- _PROBLEM_: Transcribe word for word each line from the one containing "2024 Toyota Sienna XLE" to the final line of the data, both included. Skip the pictures.
*** AVAILABLE DATA ***
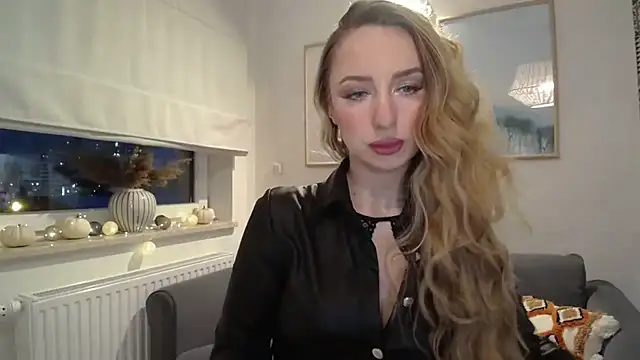 JulietteDiamond online show from 11-26-25, 03:12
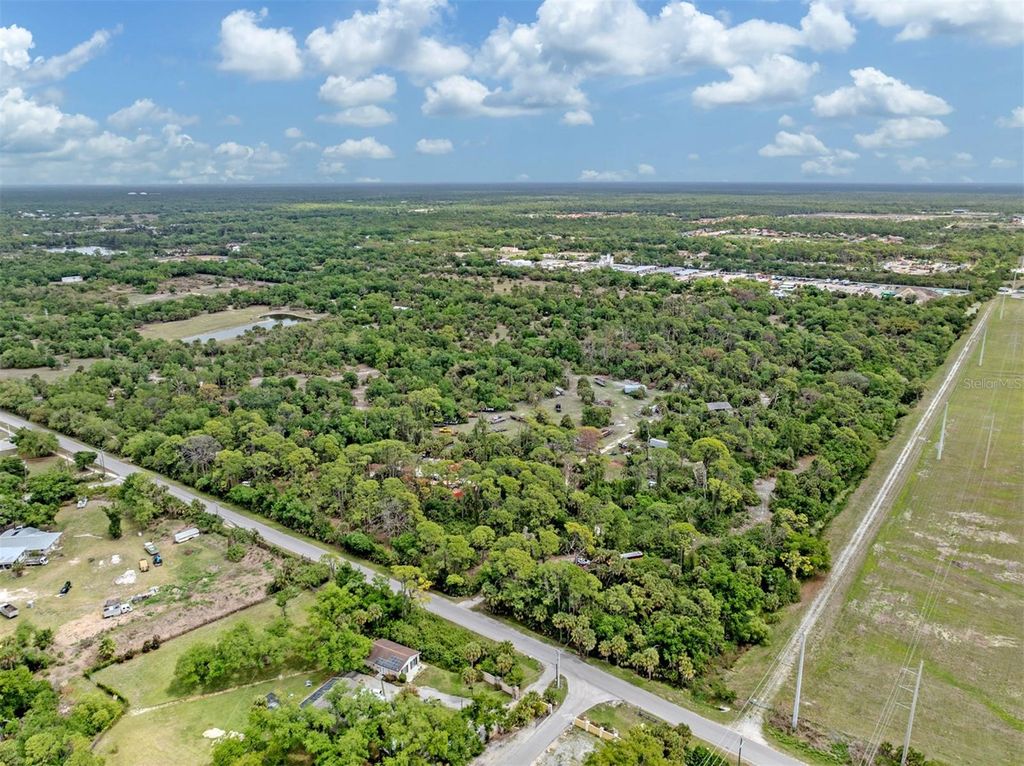 Photo of 400 S Havana Road, Venice, FL 34292 (MLS # N6143729)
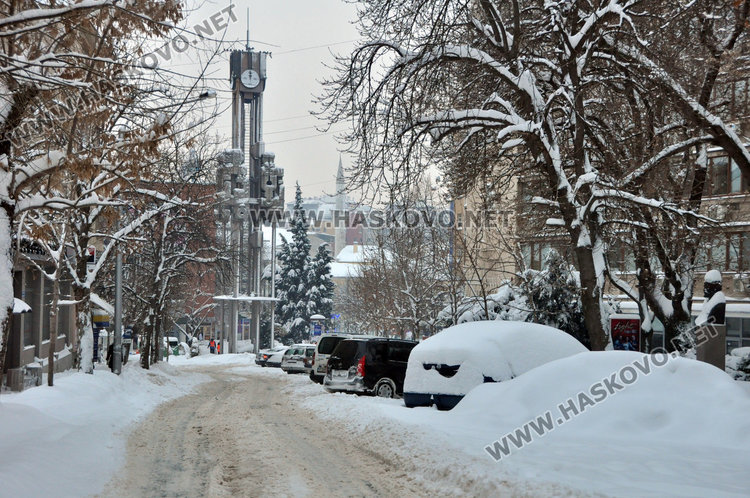 Хасково в бяло, вижте как изглежда градът тази сутрин (галерия)
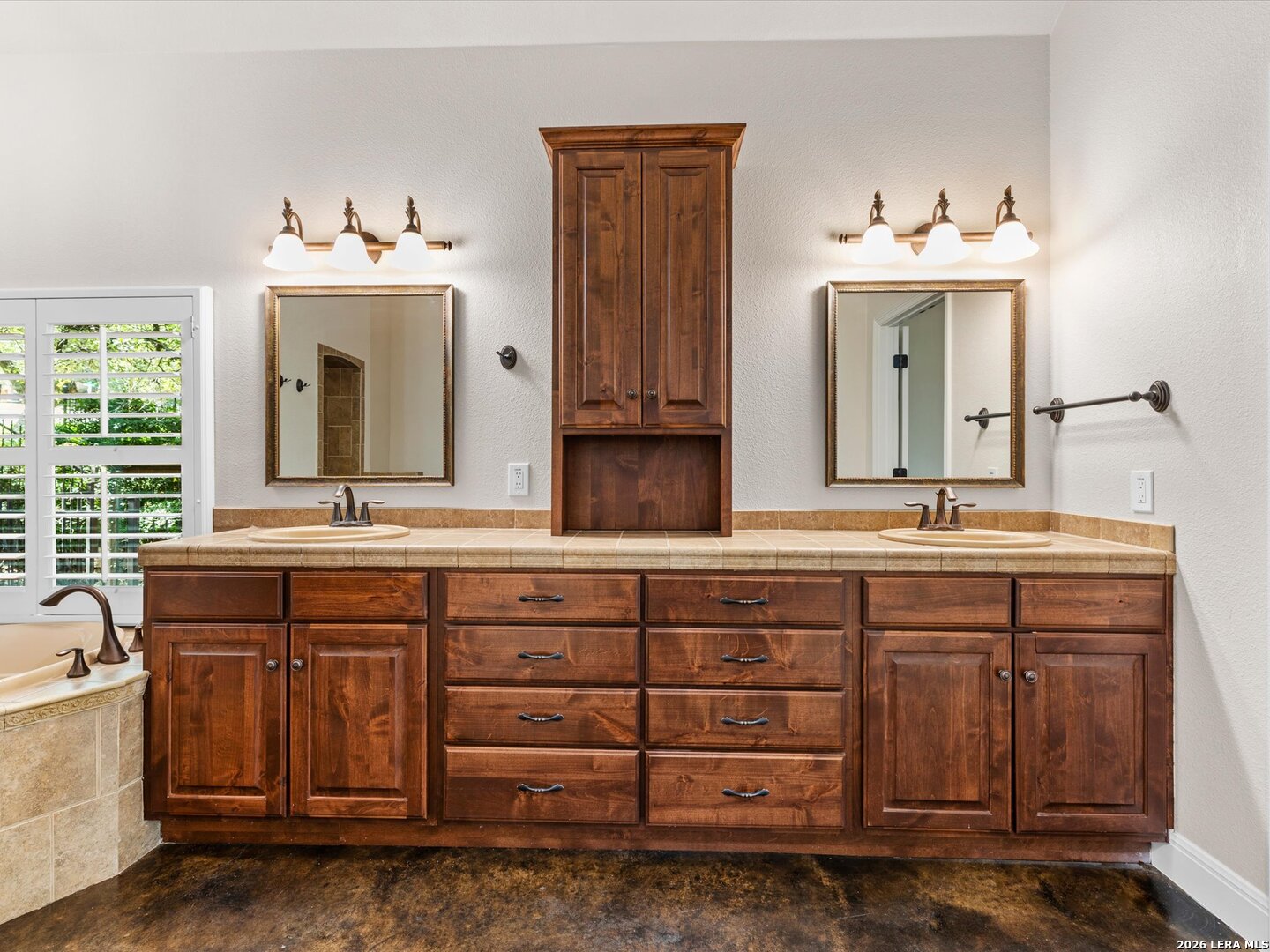 423 Elmwood New Braunfels TX 78130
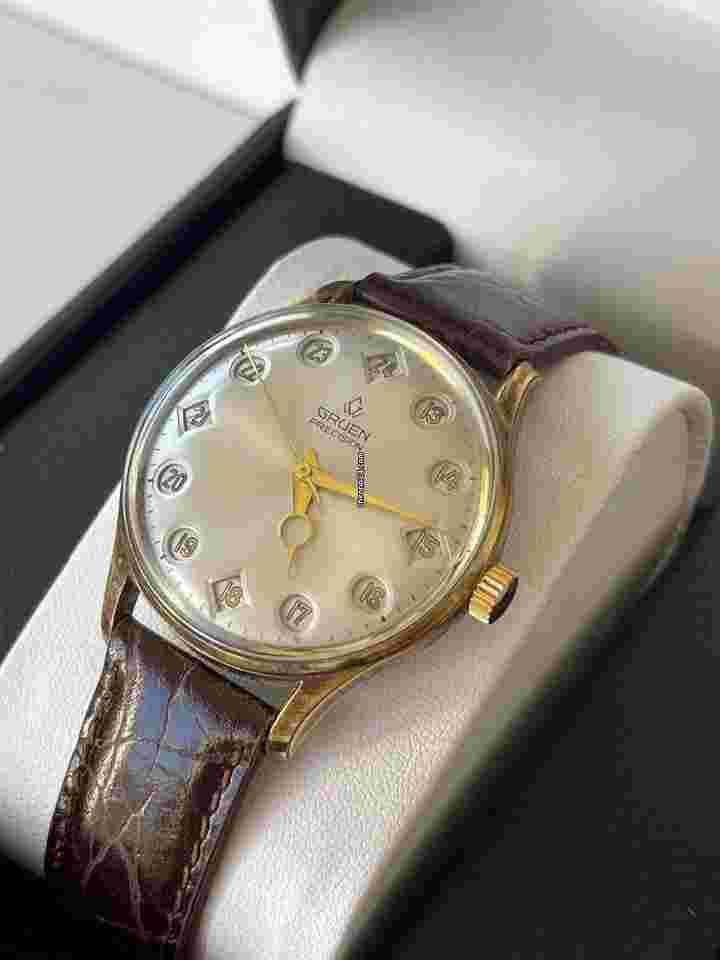 Gruen Precision
Airflight Pilot GMT Jumping Hours Cal510RSS Gold Capped Vintage Swiss Made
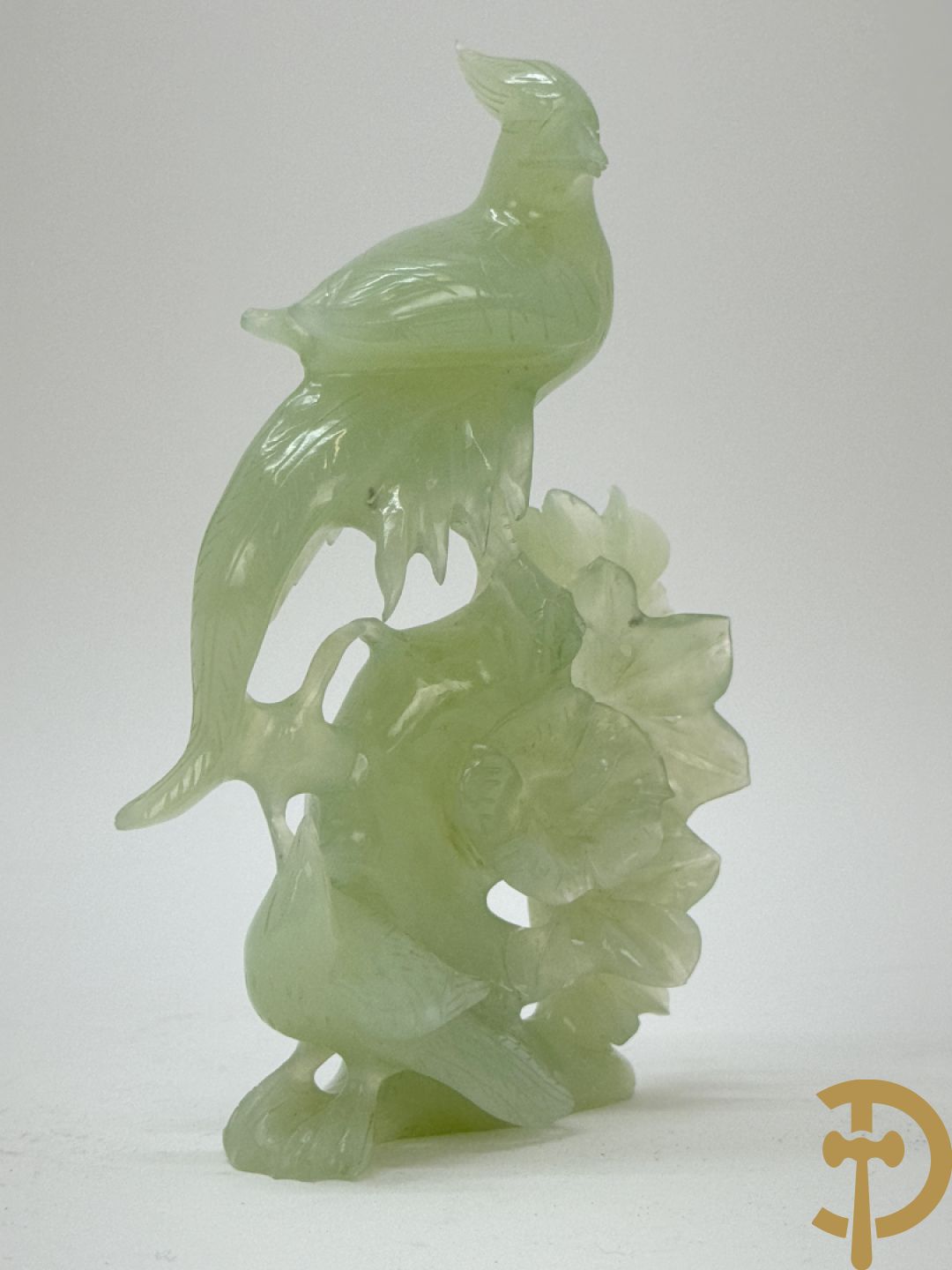 Vier Chinese handgesculpteerde vogels in jadeiet met bloemendecoratie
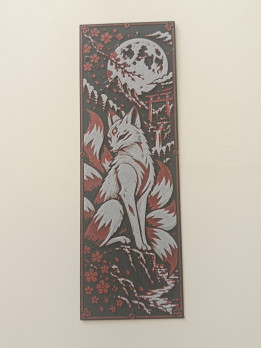 Marque-page rectangulaire en impression 3D noir, blanc et rouge avec un renard à plusieurs queues sous la pleine lune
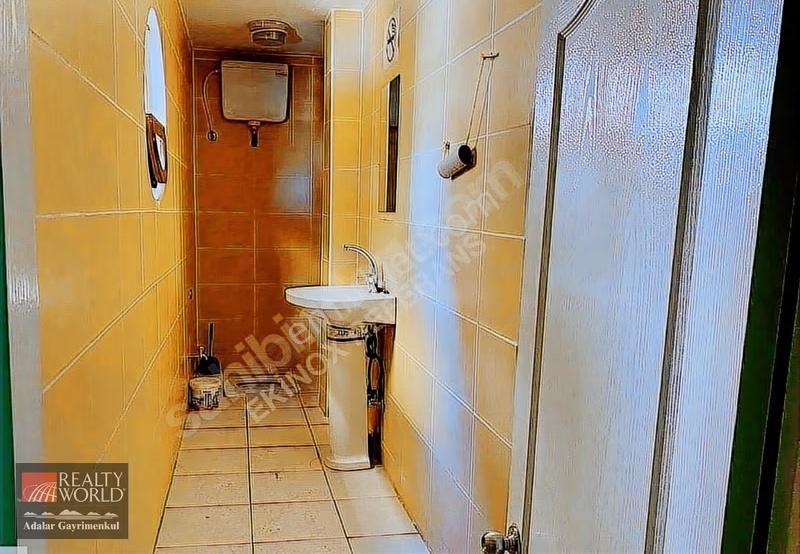 Kaynarca Metro Çıkışı E5 Üzeri Satılık 240 M² Plaza Katı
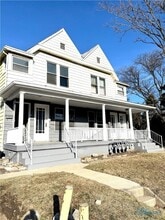 Building Photo - 1833 Lawrence Ave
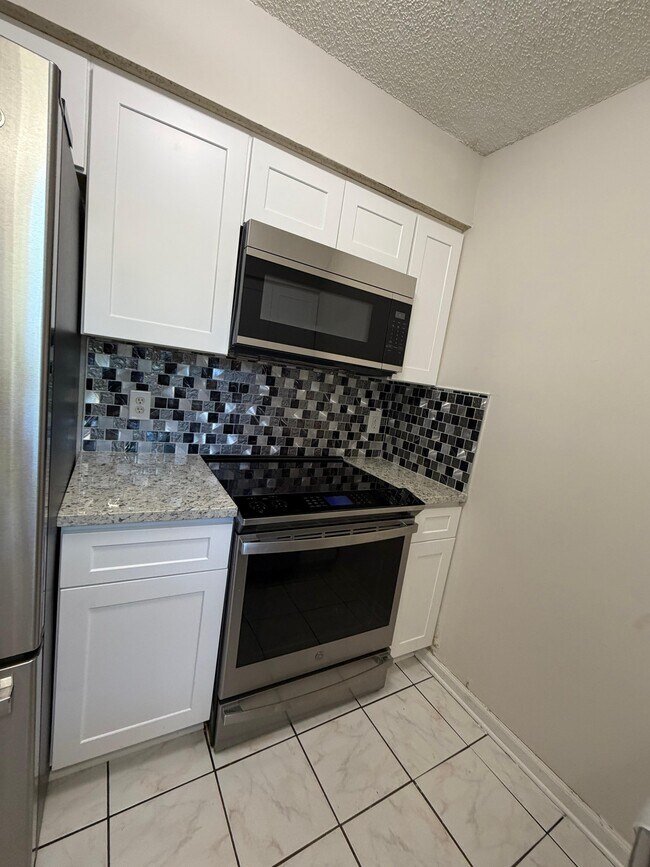 Building Photo - 7984 Gulf Rd S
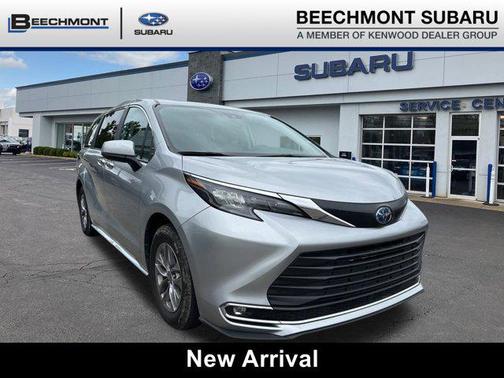 2024 Toyota Sienna XLE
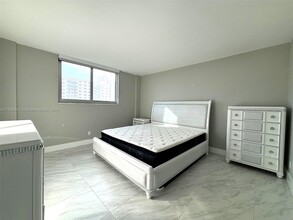 19380 Collins Ave, Unit Oceanview in Sunny Isles Beach, FL - Foto de edificio - Building Photo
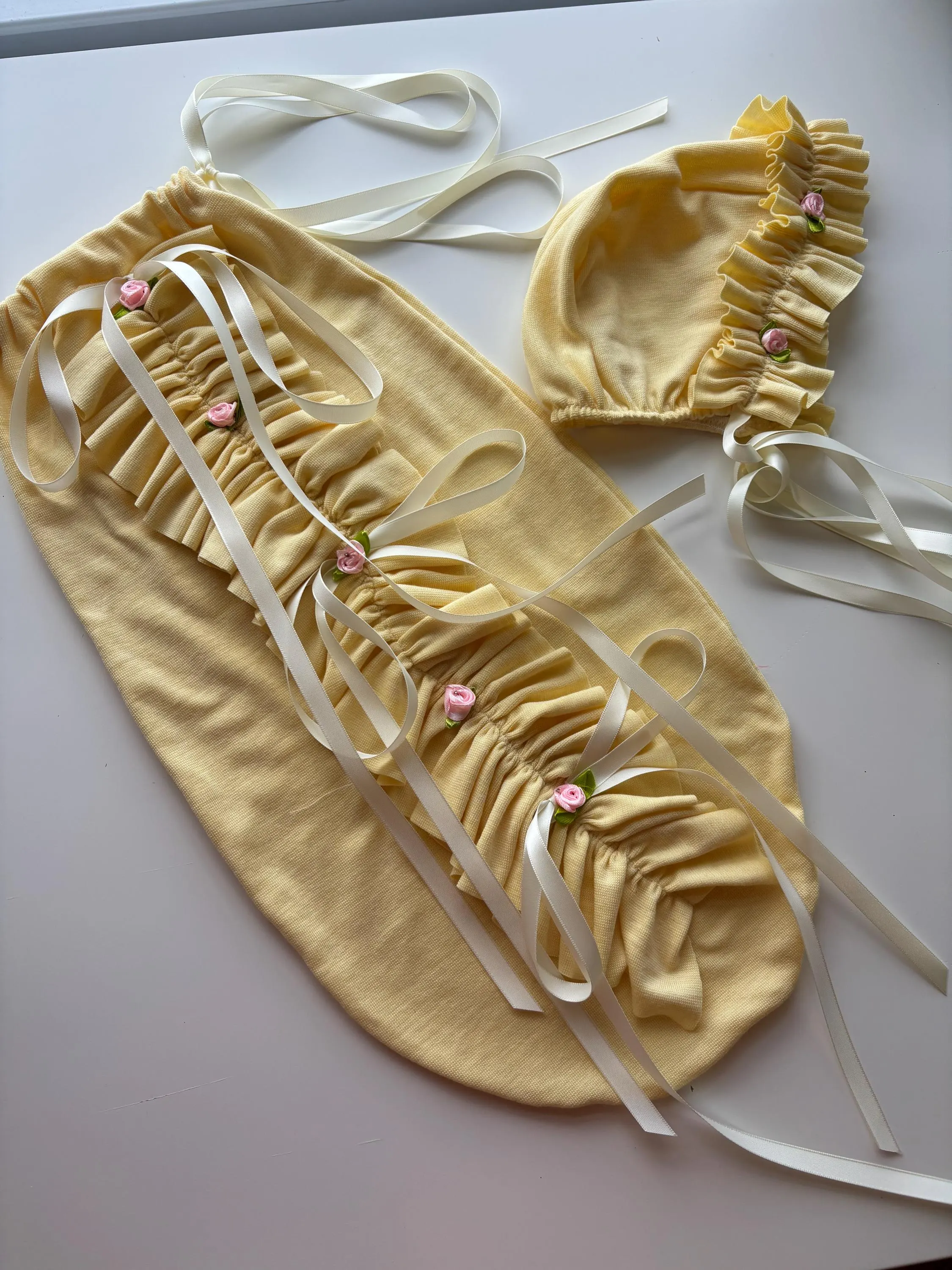 Rose garden infant cocoon & Bonnet set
*** End of AVAILABLE DATA ***
- _EXERCISE RESPONSE_:
 2024 Toyota Sienna XLE
 19380 Collins Ave, Unit Oceanview in Sunny Isles Beach, FL - Foto de edificio - Building Photo
 Rose garden infant cocoon & Bonnet set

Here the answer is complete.